NEWSMAKER-UK's Cameron makes party contender for power
LONDON, April 6 |
LONDON, April 6 (Reuters) - David Cameron, who took over a party demoralised by three British election defeats, has steered his Conservatives back to the centre ground, putting them in a strong position to end 13 years of Labour rule.
Cameron, 43, is demanding urgent action to cut a ballooning budget deficit and would take a more sceptical stance towards Britain's relations with Europe.
The Conservatives chose the privately-educated, former public relations executive as their fifth leader in nine years in December 2005 after losing their third successive election to then Prime Minister Tony Blair's Labour Party.
When Cameron took the reins, the party was regarded as the "nasty party" committed to tax-cutting and reducing the size of the state.
The Conservatives had ruled Britain for 18 years under Margaret Thatcher and John Major but were now badly demoralised and casting around for a leader who could match Blair.
The self-confident Cameron, who comes from a wealthy background, set about pushing the right-leaning party towards the centre, trying to win back so-called "middle England" voters who helped elect Blair.
Cameron worked to update his party's stuffy image. Copying Blair's slick presentational skills, Cameron marketed the Conservatives as compassionate and environmentally friendly.

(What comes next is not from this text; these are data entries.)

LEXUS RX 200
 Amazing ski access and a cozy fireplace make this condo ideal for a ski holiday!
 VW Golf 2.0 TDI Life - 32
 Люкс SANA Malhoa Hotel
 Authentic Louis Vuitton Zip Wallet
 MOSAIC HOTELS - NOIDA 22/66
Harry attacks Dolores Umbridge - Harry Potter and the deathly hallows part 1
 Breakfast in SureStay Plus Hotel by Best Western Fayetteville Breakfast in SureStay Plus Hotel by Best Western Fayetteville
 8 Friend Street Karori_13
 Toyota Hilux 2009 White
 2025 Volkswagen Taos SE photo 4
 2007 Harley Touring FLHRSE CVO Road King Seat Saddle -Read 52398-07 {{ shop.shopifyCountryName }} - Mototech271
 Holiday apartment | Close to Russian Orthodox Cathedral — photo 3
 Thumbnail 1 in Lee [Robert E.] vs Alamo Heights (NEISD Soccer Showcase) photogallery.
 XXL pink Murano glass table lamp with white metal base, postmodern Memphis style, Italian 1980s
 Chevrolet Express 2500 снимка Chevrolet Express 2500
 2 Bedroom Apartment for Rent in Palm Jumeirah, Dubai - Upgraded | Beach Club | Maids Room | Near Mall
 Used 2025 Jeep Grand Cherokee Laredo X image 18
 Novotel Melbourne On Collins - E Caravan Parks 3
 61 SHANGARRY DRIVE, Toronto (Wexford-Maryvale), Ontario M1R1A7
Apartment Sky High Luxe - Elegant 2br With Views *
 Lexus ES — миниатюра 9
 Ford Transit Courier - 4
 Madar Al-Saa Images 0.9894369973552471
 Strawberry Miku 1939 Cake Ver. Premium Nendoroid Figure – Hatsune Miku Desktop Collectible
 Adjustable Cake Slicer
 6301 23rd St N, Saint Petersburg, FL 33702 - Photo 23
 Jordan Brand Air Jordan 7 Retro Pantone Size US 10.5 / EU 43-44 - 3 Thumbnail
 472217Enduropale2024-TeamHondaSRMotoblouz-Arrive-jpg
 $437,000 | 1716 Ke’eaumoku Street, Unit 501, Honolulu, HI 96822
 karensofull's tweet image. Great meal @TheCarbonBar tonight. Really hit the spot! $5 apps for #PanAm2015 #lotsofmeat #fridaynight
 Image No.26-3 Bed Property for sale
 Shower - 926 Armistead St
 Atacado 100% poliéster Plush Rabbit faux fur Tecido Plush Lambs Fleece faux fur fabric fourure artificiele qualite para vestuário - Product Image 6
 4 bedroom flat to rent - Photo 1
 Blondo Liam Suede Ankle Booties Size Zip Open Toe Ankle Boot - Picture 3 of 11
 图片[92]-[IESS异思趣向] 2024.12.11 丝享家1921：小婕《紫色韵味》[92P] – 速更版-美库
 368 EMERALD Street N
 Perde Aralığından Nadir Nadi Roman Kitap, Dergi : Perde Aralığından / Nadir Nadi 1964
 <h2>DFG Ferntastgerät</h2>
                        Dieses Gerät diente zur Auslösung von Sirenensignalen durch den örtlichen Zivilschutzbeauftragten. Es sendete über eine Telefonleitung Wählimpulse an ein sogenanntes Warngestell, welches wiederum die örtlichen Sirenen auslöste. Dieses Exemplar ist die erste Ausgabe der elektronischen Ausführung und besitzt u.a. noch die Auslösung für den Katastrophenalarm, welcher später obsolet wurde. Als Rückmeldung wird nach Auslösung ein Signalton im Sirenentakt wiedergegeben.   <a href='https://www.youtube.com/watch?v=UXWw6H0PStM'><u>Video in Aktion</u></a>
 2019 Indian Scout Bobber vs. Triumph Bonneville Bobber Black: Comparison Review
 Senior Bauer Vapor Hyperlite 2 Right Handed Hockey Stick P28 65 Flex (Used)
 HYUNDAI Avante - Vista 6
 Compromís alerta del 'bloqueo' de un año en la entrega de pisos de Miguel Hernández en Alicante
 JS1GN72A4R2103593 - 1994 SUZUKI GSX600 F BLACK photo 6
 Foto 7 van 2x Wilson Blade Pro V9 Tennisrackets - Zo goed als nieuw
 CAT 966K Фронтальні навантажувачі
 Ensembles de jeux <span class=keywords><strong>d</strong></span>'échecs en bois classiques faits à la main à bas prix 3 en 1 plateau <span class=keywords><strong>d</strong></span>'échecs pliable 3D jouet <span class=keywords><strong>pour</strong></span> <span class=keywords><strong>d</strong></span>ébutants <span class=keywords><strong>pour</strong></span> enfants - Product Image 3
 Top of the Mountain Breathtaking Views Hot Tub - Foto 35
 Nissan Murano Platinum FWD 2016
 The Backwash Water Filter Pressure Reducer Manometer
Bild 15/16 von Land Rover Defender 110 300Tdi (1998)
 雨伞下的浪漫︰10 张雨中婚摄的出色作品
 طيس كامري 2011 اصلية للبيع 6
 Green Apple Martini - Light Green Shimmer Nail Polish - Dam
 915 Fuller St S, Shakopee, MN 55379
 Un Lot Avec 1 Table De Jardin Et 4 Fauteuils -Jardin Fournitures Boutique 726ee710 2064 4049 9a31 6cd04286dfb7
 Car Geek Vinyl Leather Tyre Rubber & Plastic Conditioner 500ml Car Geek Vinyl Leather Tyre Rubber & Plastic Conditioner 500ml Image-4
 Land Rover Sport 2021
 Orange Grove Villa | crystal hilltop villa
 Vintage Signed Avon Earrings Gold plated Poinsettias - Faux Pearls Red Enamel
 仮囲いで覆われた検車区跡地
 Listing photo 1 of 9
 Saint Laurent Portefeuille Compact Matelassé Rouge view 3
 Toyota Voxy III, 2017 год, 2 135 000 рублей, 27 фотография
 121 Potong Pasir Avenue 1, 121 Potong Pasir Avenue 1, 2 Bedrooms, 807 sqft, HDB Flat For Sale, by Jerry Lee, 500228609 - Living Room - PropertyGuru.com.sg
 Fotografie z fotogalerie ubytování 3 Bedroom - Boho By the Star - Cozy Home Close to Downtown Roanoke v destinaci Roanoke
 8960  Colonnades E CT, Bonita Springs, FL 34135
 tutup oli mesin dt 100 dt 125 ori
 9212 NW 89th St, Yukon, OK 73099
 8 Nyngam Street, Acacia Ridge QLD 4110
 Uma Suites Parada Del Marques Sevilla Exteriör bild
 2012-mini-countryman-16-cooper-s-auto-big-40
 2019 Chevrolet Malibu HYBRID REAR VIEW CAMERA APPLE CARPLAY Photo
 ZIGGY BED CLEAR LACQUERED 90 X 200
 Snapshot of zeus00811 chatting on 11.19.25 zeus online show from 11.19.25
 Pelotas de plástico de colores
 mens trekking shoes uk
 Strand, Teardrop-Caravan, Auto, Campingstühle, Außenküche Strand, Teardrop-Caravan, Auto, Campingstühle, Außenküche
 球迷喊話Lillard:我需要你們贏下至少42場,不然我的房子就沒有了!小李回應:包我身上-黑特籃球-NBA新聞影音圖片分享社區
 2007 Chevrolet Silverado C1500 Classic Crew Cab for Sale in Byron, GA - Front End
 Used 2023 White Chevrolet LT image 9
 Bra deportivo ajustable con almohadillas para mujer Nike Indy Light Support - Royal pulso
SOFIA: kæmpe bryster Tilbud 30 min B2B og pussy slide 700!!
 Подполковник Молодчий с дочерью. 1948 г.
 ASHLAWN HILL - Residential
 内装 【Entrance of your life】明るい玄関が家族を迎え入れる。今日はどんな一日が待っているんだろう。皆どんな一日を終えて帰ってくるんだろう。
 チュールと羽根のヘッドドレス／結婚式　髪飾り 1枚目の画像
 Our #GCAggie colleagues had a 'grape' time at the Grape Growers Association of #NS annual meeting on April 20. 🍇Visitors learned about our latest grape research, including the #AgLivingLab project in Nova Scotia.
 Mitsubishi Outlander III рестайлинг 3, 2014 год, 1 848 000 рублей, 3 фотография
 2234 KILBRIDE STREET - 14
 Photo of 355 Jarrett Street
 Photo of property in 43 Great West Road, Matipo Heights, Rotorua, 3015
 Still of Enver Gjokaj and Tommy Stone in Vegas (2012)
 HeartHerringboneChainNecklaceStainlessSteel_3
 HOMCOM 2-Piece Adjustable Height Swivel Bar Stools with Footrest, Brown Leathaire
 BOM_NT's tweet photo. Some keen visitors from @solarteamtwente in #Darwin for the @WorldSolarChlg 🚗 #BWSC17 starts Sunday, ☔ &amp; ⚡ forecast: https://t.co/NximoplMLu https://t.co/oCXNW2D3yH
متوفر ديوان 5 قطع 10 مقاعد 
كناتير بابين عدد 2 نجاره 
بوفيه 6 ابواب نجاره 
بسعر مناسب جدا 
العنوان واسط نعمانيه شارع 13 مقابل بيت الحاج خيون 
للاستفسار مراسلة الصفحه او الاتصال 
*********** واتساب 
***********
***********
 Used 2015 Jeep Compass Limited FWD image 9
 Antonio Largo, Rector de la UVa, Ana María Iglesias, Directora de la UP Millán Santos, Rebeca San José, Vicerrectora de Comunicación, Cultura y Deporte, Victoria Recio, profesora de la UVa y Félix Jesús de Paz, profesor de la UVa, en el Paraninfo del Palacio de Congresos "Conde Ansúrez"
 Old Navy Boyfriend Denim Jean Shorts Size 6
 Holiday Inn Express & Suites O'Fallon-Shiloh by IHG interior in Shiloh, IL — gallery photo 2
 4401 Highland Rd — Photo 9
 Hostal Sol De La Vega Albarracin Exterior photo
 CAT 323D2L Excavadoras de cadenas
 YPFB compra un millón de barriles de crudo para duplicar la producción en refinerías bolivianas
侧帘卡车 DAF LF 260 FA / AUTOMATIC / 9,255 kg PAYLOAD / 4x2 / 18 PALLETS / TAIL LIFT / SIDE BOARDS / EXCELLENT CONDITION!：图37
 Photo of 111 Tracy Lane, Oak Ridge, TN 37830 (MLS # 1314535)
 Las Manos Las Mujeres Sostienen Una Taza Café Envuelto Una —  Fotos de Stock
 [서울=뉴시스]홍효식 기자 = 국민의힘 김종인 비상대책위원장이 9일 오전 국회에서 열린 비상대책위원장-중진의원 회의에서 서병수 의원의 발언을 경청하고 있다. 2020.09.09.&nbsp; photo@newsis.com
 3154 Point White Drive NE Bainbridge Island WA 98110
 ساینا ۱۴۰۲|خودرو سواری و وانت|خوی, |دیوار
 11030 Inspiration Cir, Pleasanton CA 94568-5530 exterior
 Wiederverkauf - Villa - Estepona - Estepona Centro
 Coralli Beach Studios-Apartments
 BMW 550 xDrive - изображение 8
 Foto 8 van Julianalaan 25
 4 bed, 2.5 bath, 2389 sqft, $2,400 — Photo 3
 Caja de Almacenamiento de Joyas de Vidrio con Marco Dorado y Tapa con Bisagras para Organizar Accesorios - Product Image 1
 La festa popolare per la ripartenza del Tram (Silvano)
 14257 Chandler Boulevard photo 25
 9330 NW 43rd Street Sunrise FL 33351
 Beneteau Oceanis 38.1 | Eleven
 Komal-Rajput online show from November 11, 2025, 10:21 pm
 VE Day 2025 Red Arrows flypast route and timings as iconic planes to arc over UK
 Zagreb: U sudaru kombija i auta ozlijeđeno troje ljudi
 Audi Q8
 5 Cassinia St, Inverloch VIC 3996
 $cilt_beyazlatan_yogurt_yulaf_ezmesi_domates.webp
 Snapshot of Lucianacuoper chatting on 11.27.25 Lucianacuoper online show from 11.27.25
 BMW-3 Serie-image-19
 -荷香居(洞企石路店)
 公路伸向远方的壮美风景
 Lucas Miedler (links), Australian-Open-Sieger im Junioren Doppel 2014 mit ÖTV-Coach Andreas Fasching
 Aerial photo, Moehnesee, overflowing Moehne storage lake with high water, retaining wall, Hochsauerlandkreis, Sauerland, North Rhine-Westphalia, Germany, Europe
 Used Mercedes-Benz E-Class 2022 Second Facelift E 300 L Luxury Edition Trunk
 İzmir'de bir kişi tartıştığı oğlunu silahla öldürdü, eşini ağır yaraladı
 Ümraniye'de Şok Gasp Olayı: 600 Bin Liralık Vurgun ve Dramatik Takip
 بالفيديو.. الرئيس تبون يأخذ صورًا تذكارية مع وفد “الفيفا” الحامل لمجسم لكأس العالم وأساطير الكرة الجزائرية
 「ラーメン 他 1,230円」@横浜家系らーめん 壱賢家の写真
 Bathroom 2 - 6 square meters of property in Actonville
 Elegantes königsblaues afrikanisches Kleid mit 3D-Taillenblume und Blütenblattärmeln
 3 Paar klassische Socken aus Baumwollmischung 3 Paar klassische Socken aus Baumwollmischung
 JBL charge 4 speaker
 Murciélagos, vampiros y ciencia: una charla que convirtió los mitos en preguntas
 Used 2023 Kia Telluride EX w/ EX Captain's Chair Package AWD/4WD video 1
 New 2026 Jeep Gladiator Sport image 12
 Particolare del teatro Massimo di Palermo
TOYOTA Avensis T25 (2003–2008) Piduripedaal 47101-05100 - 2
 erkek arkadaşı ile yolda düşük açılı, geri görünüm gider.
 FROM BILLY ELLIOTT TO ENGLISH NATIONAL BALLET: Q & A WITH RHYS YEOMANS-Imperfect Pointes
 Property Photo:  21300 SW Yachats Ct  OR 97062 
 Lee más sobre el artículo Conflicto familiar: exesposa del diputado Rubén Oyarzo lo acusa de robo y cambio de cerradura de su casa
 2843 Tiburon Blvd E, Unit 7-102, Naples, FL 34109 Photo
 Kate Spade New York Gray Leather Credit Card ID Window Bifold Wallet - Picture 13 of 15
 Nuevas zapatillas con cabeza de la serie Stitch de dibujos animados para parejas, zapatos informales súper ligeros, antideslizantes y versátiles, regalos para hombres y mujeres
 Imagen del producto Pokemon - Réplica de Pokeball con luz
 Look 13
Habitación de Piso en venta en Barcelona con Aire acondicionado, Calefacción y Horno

He also sought to recast the Conservatives as defenders of the state-run National Health Service.
NOT ALL PLAIN SAILING
Cameron has led the Conservatives in a consistent opinion poll lead over Labour, except for a few months after Blair stepped down as Labour leader in mid-2007 and his successor, long-serving finance minister Gordon Brown, enjoyed a brief honeymoon with voters.
But it has not always been plain-sailing for Cameron.
Some voters were put off by the privileged aura of a man who was educated at Eton, the country's most exclusive private school, and he has faced an occasional backlash by right-wingers in the party unhappy with his modernising ways.
Those cries have grown louder in recent weeks as the Conservatives' poll lead has dwindled.
Some critics say the party overdid its "age of austerity" rhetoric, its hair-shirt talk about cutting costs to tackle a huge public deficit scaring off potential supporters.
Cameron has toned down the message and the party has now pledged to spare most workers a payroll tax rise Labour plans to introduce next year.
PERSONAL TRAGEDY
The son of a stockbroker, Cameron went from Eton to Oxford University, where he joined the elitist Bullingdon dining club and gained a first-class degree in politics, philosophy and economics.
His wife Samantha, the creative director of a leather goods company, is the daughter of a baronet.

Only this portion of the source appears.